Gastrointestinal system is our second brain influences on mood and well-being

Updated: Feb 22, 2019

The gastrointestinal (GI) tract has its own nervous system, often called a second brain.

The enteric nervous system doesn’t seem capable of thought as we know it, but it communicates back and forth with our big brain—with profound results” concludes P.J. Pasrucha, M.D., director of the Johns Hopkins Center for Neurogastroenterology, whose research on the enteric nervous system has garnered international attention.

Researchers are finding evidence that irritation in the gastrointestinal system may send signals to the central nervous system (CNS) that trigger mood changes. These new findings may explain why a higher-than-normal percentage of people with IBS and other bowel problems develop depression and anxiety.

It is widely recognized now that depression is closely linked with inflammation, and disrupted serotonergic systems throughout the human body, including the gut.

Traumatic brain injury can lead to various mechanisms of gastrointestinal dysfunction, such as mucosal ischemia and atrophy, low motility, and initiate intestinal inflammation.

Gut and Brain connection

📷​Gut and brain are connected physically through millions of nerves. Two ways of communication are known: through the vagus nerve and neurotransmitters.

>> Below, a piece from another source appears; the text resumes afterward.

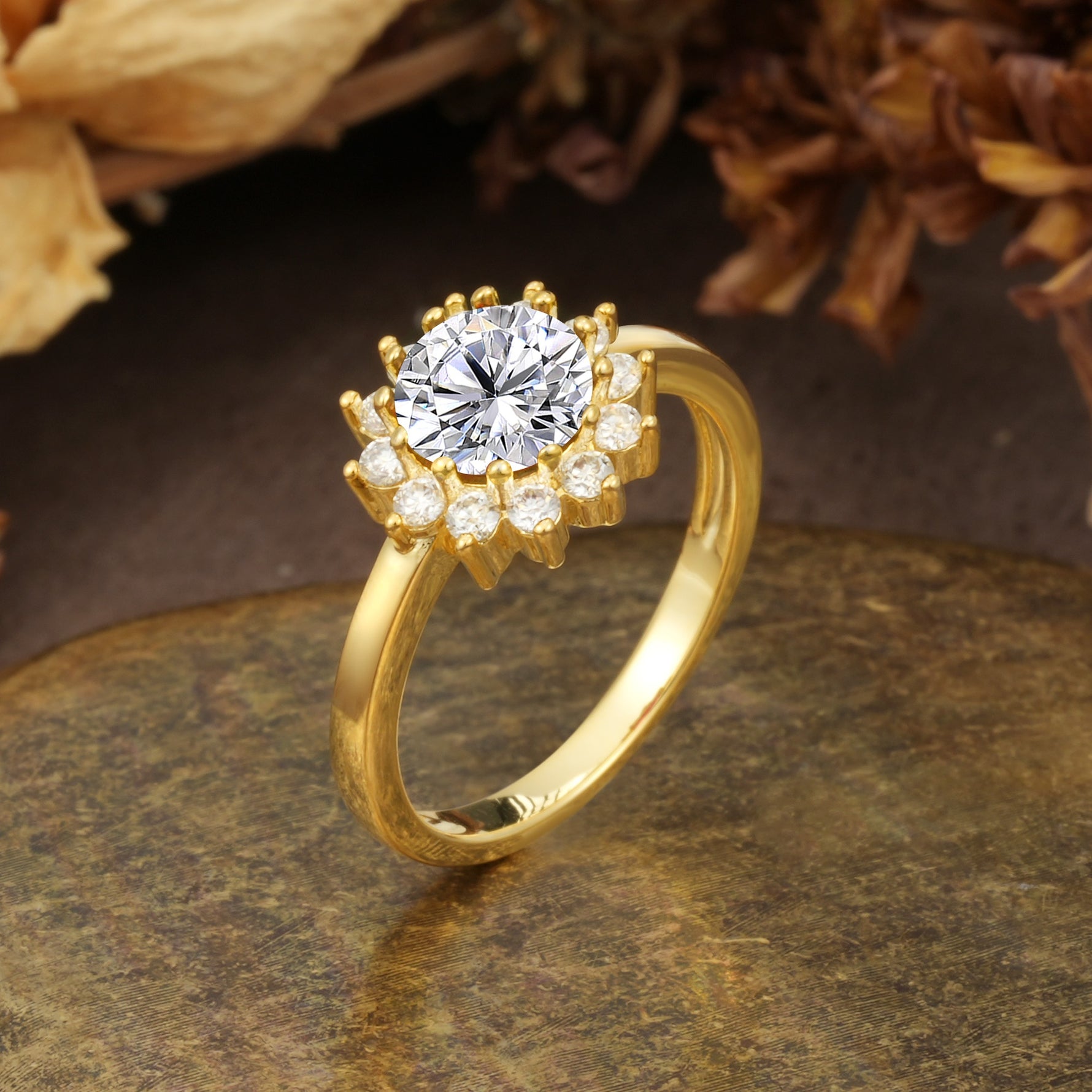 Nature-Inspired, Luxurious Floral Design, 12-Prong Round Cut Lab Diamond Engagement Ring - Additional view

Neurotransmitters are a messenger of neurologic information from one cell to another. Neurotransmitters produced in the brain control feelings and emotions. The major neurotransmitters are: acetylcholine, serotonin, dopamine, glutamate, GABA, norepinephrine.

Interestingly, many of these neurotransmitters are also produced by gut cells and by the trillions of microbes living there. For example, the neurotransmitter serotonin contributes to feelings of happiness. The majority (~95%) of serotonin in the body is synthesized, stored, and released in the gut [1]. Gut microbes produce a neurotransmitter gamma-aminobutyric acid (GABA), which helps control feelings of fear and anxiety [2,3].

GI microbiota

Gut “microbiota”, microbes in the gastrointestinal tract, are represented by a wide variety of bacterial species. Gut microbiota regulate intestinal function and health. Nowadays, each adult individual is believed to harbor a unique gut microbiota composition, as personal as a fingerprint. Certain early life events may be important contributors to the individual’s microbiota, including mode of delivery, type of feeding, medication, stress and infections [4].

Different studies have reported that gut microbiota is able to shape brain physiology. It has been suggested that gut microbiota is a key trigger factor in the development of many neuropsychiatric conditions [5]. Alterations in gut microbiota composition may be associated with pathogenesis of various neurological disorders, including stress, autism, depression, Parkinson's disease, and Alzheimer's disease. It was found that various psychiatric cases actually originated in the gut.

Accumulating data now indicate that the gut microbiota communicates with the central nervous system possibly through neural, endocrine and immune pathways, and thereby influences brain function and behavior.


The bidirectional relationship exists between the gut microbiota and the brain, termed microbiota-gut-brain axis. Multiple areas of the brain are responsible for normal function of the GI tract.

Studies in animal models, where the intestinal microbiota can easily be manipulated, have shed light on how the microbiota may be involved in the development of certain mental diseases [6]. Studies in germ-free animals and in animals exposed to pathogenic bacterial infections, probiotic bacteria or antibiotic drugs suggest a role for the gut microbiota in the regulation of anxiety, mood, cognition and pain.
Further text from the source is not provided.